Last month we said no to fun (and no to booze), and yes to yoga with a solid crew of people both in Vancouver and around the world- hello to the gentleman from Texas! While our skin didn't get better nor did we achieve enlightenment, we did manage to save a few dollars, get more work done, and reset our alcohol intolerance- just in time for December parties (can't tell if that's a good thing or not...). Don't believe us on the benefits of snoozing on boozing? Have a read on what others had to say about their experience:
I’ll be perfectly honest – I don’t really know why I signed up for #NoFunNovember. I had been cutting back on the beverages for a while before that, and was feeling awesome (albeit slightly granny) about my newfound nearly sober state. However, I had never really committed myself to a full month sans alcohols. The thought of it always made me instantly roll my eyes. Even though I’m not the biggest fan of going out and trying to have conversations with drunken slurring strangers in dark rooms, I do love a good glass of wine at the end of a long week.
I had to prove to myself that I didn’t have a dependency on drinking, and that in the end it was always a choice – my choice.
As November was drawing closer and the reality of giving up my vino was too, I began to think that I probably wouldn’t be able to do it. But I did – and it was easier and more enjoyable than I anticipated.
Everyone has their thing - anyone who knows me well knows that I thrive on proving people wrong. To me, one person who doesn’t believe in me oddly gives me twice as much motivation as a room full of encouraging people who want me to succeed. Strange, but true. Thankfully #NoFunNovember was full of naysayers who continually doubted me when I said that I was going sober for the month.

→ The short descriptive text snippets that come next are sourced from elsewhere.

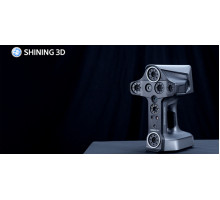 SHINING 3D EinScan Libre — автономный беспроводной 3D-сканер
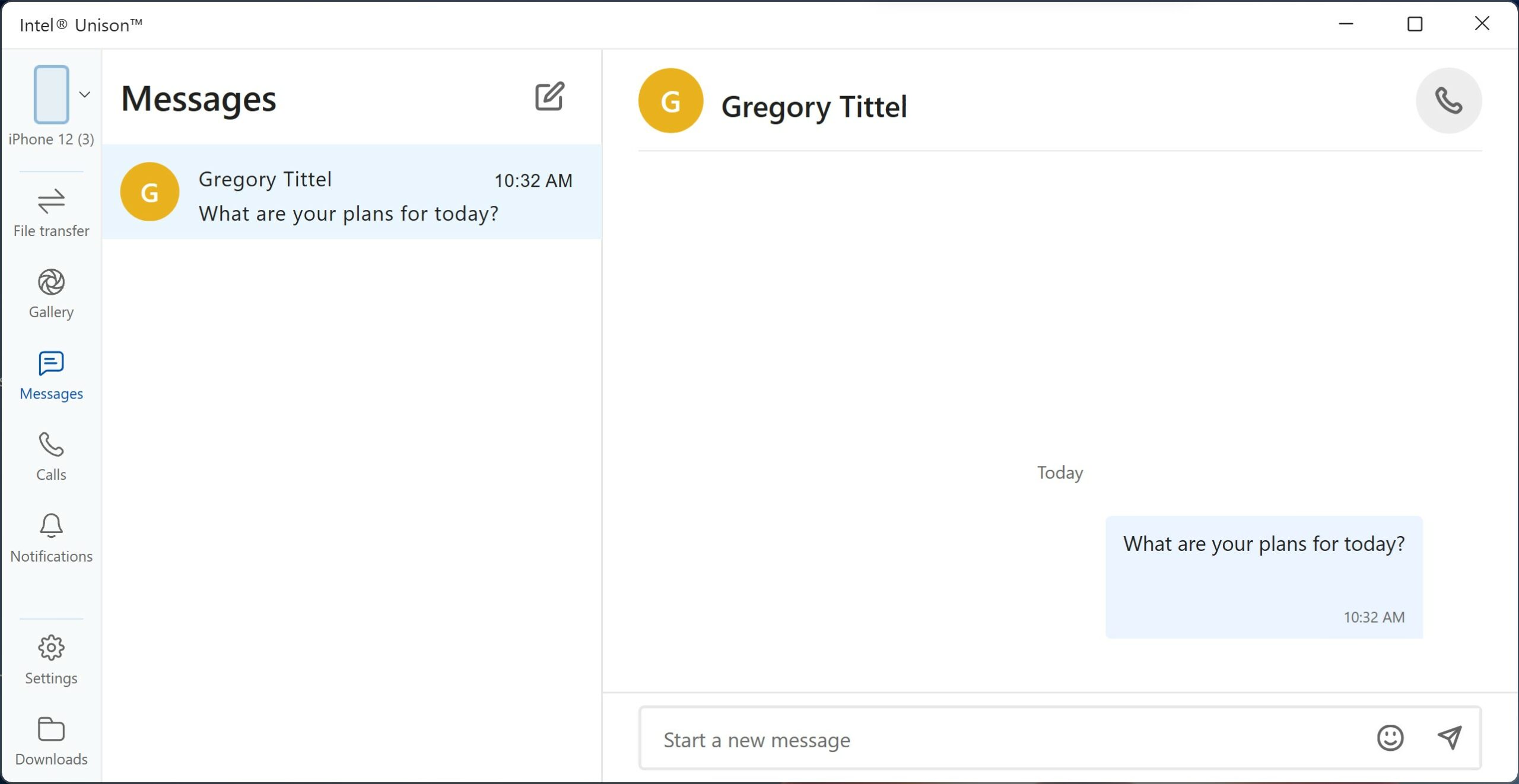 Intel Unison Brings Windows 11 iPhone Link Ed Tittel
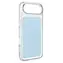 Puro Plate Mag iPhone 17 Air jasnoniebieski / Etui / MagSafe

To be honest, these were people whose opinions I valued; but at the same time, I relished in the thought of rubbing it in their face when the clock struck December.
The most difficult part of the month were the social engagements.

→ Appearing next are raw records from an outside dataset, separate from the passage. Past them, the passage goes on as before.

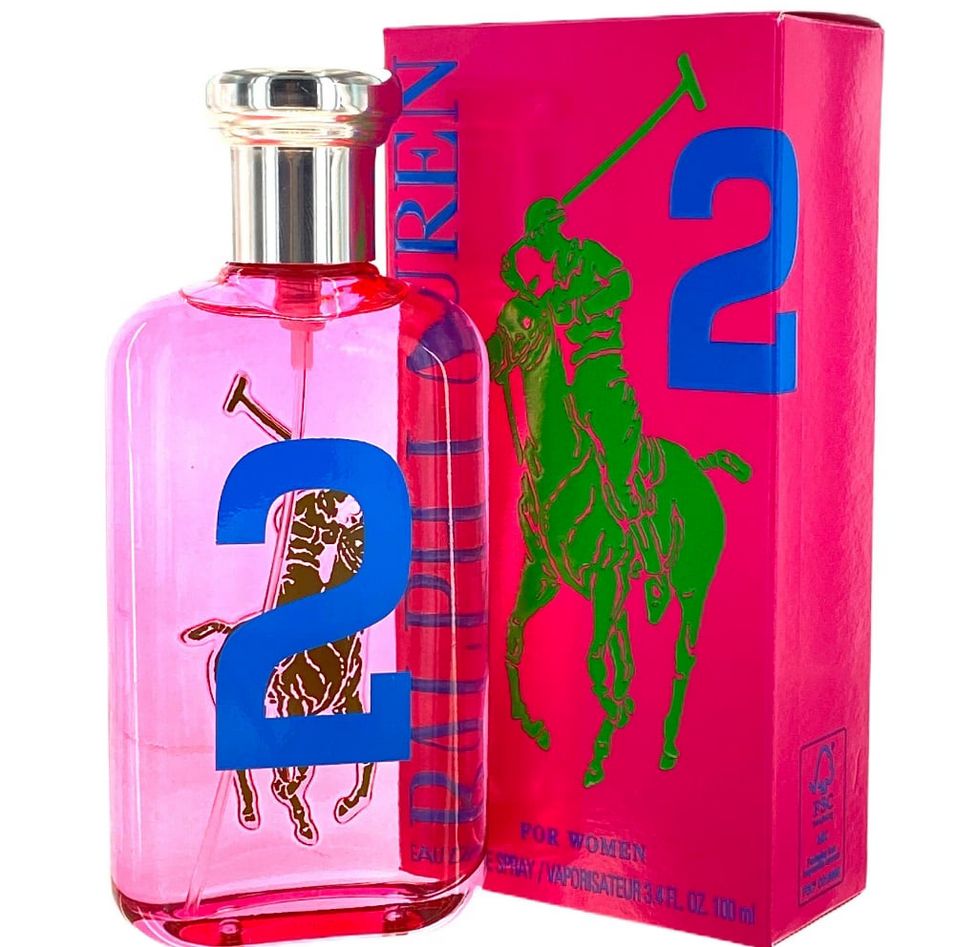 Ralph Lauren The Big Pony Collection #2 Eau De Toilette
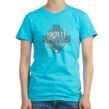 Soul Sanctuary Women's Dark Fitted T-Shirt-Light Ink - Image 2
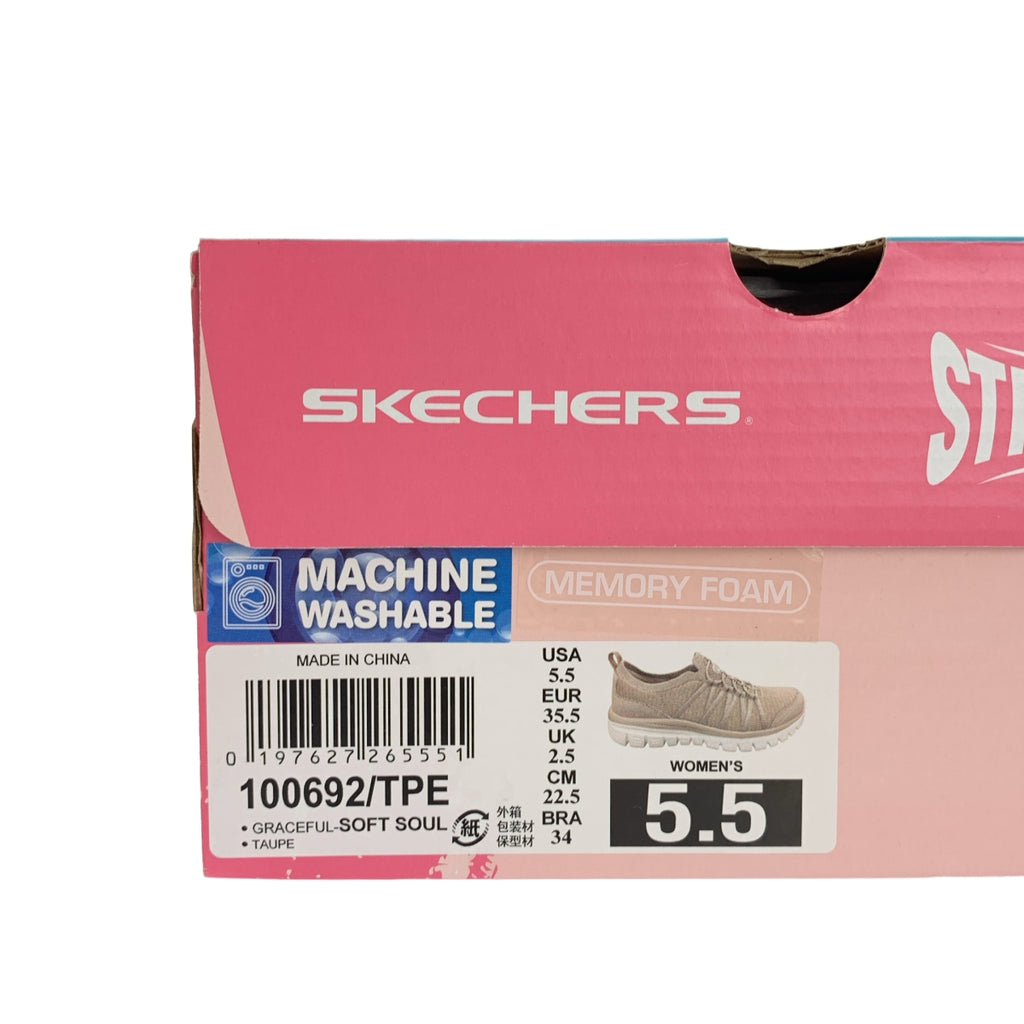 SKECHERS / 스케쳐스 | 로고 스니커즈 | 22.5 |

I know that there are a lot of people who say that they can have fun when they’re sober at a party. I learned (and not to much of my surprise) that I am unequivocally not one of those unicorns.
When the music is bumping and the energy is high and everyone else has a drink, I want one too! Going forward I realized that if I don’t feel like drinking, staying home and indulging in a Netflix binge is a perfectly acceptable (and affordable) choice.
The turning point in doing this came to me mid-month. For starters, I didn’t really think that I used alcohol to take the edge off. I rarely have more than one glass of wine at a time, so I felt like I had a completely healthy relationship with my friend ethanol. I began to realize that unfortunately this isn’t the case – I had to find other ways to take the edge off, de-stress and come back to a sane mind. I was able to make it to 15 yoga and fitness classes that month, and take some time to colour in my “adult” colouring book – to no surprise, I am still as terrible at colouring in the lines as I was when I was a kid. Patience is a virtue that I have yet to master.
In the end, I made it through this arduous month because of one thing: Nutella - so much Nutella.
The very thought of that jar of wholesome chocolaty hazelnut goodness just waiting for me in my kitchen cupboard helped me get through many a day. It’s possible that I may have created a new (tastier) monster in my life. #NoNutellaNovember 2016, anyone?